Regression

When to use regression instead of correlation?

The correlation coefficient indicates linear correlation. If you are only interested in the linear relationship between variables (i.e., how well they fit on a straight line), then correlation is a good choice.

Sometimes, however, you are interested in how much a change in X1 (usually scale level) contributes to the changes in Y (usually scale level) (i.e., what is the slope of the straight line?) To answer this question, we conduct a linear regression analysis with X1 as independent variable and Y as dependent variable.

Unlike correlation, linear regression could deal with more than one independent variable X1, X2, X3, .... at a time. We can conduct a linear regression analysis with X1, X2, X3, ... as independent variables, and Y as dependent variable.

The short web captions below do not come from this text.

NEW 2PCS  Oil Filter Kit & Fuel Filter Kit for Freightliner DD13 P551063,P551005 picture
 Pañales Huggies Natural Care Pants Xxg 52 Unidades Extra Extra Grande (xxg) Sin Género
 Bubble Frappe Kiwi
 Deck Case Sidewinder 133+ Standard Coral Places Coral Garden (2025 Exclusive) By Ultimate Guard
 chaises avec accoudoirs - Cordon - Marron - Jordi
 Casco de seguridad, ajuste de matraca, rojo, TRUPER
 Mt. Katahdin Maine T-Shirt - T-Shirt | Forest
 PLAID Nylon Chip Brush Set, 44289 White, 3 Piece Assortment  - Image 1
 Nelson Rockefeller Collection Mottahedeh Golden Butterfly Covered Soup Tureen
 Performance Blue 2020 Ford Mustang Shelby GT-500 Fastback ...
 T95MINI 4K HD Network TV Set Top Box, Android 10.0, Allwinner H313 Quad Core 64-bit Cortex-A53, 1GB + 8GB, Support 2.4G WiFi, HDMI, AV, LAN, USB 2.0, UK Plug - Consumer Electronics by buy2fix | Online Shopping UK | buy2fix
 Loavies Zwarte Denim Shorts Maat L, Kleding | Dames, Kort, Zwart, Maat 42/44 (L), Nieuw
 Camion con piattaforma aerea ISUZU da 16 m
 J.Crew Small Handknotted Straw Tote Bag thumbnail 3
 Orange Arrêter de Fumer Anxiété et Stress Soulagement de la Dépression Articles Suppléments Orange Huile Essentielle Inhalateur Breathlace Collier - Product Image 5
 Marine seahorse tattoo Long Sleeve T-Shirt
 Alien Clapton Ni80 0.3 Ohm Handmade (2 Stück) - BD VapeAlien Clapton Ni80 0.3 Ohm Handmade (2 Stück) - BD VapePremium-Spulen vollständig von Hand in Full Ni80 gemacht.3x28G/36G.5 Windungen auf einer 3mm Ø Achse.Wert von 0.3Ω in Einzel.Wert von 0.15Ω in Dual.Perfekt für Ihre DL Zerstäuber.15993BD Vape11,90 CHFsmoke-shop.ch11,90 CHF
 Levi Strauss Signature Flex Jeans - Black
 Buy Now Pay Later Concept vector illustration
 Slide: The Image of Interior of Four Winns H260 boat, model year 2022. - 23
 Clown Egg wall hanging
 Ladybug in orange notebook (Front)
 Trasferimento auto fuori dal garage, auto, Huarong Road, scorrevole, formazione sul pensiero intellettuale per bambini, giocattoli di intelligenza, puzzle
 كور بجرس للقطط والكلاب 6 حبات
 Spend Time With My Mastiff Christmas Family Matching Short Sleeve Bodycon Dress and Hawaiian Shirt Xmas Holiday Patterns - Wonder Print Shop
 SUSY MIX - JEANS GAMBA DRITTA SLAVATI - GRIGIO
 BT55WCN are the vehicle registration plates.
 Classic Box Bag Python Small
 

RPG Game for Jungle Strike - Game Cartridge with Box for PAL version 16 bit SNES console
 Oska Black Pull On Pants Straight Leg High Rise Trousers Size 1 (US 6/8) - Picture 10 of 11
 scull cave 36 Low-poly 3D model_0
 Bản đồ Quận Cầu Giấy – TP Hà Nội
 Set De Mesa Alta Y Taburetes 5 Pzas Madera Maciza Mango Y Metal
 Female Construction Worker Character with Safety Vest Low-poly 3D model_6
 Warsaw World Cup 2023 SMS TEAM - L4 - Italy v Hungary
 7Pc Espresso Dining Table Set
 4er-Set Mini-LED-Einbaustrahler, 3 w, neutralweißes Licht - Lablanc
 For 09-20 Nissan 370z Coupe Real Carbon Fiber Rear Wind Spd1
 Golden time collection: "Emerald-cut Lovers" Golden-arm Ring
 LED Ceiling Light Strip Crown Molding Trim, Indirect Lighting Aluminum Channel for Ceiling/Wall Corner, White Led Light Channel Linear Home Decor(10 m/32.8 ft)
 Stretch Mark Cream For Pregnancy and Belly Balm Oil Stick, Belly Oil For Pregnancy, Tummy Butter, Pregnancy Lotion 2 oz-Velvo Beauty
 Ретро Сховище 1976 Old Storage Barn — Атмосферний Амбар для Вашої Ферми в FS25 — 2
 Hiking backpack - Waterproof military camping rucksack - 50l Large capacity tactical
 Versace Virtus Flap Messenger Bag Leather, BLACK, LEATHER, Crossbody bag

Note: If you have a more complicated model that involves more than two levels of variables, e.g., X1, X2, X3 affect Y1, Y2, and then X2, X3, Y1 affect Z1, Z2, ... then the linear regression will not work. In this case you need structural equation modelling (SEM), which is a more advanced technique and is beyond the scope of this website. SEM is not available in the standard installation of SPSS. You need AMOS instead, which I think is very difficult and troublesome to use. Instead, I would recommend the SEMLj module of Jamovi for that purpose. You can see instructions here: https://semlj.github.io/gui.html.

SPSS

Procedures

To run a simple regression analysis, do Analyze -> Regression -> Linear:
- Put the dependent variable (Y) into the Dependent field. Put all the independent variables (X1, X2, X3, …) into the Independent(s) field.
- Click the Statistics button. Choose Estimates under Regression Coefficient. Also check Model fit on the right.
If you want to show all the scatters plots in a scatter plot matrix (useful for a quick glance), you can use Graphs -> Chart Building -> Scatter/Dot -> Scatterplot matrix, and then drag all the variables concerned into the chart. You can also choose to fit lines into the scatter plots by selecting Linear fit lines in the Element Properties.

Interpretation

SPSS will generate a few tables in the output.
- In the Model Summary table, the Adjusted R Square (a value between 0 and 1 inclusive) tells you how good the model fits into the data. A value close to 1 is good. A value close to 0 means it is a poor fit.
- In the ANOVA table, if the Sig. (p-value) is <0.05 or other levels of significance, it means the independent variables can reliably predict the dependent variables.
- In the Coefficients table, the Unstandardized Coefficients B and the Standardized Coefficients Beta values tell you the strength of the effects of the corresponding variable. The Sig. value, if <0.05 or other levels of significance, tells you that the coefficient is statistically different from zero. Here you can compare the coefficients and find out the most important factors of Y. The larger the coefficient, the larger the effect of the factor on Y. On the other hand, if Sig. is large, it means that the coefficient is not different from zero, or in other words the variable has no effect on Y.
- If you are doing a one-tailed test, i.e., you want to know if the coefficient is positive / negative (instead of just non-zero), then you should divide the p-value by two to get the one-tailed p-value, and draw your conclusions from it.

Jamovi

Procedures:

To run a simple regression analysis, do Analyses -> Regression -> Linear Regression:
- Put the dependent variable (Y) into the Dependent Variable box. Put all the independent variables (X1, X2, X3, …) into the Covariates box.
- If you have nominal or ordinal independent variables, put them into the Factors box.
- Under Model Fit, choose R and adjusted R-squared.
- Under Model Coefficients, choose Standardized Estimate.
If you prefer to show a scatter plot of the variables, you may install the scatr module in Jamovi. After installation, go to Analyses -> Exploration -> Scatterplot. Inside the dialog, choose the X and Y variables, and then choose Linear under Regression Line.

Interpretation:

Jamovi will generate a few tables in the output.
- In the Model Fit Measures table, the Adjusted R Square (a value between 0 and 1 inclusive) tells you how good the model fits into the data. A value close to 1 is good. A value close to 0 means it is a poor fit.
- In the Model Coefficients table, the Standardized Estimate values tell you the strength of the effects of the corresponding variable. The p value, if <0.05 or other levels of significance, tells you that the coefficient is statistically different from zero. Here you can compare the coefficients and find out the most important factors of Y. The larger the coefficient, the larger the effect of the factor on Y. On the other hand, if p is large, it means that the coefficient is not different from zero, or in other words the variable has no effect on Y.
- If you are doing a one-tailed test, i.e., you want to know if the coefficient is positive / negative (instead of just non-zero), then you should divide the p-value by two to get the one-tailed p-value, and draw your conclusions from it.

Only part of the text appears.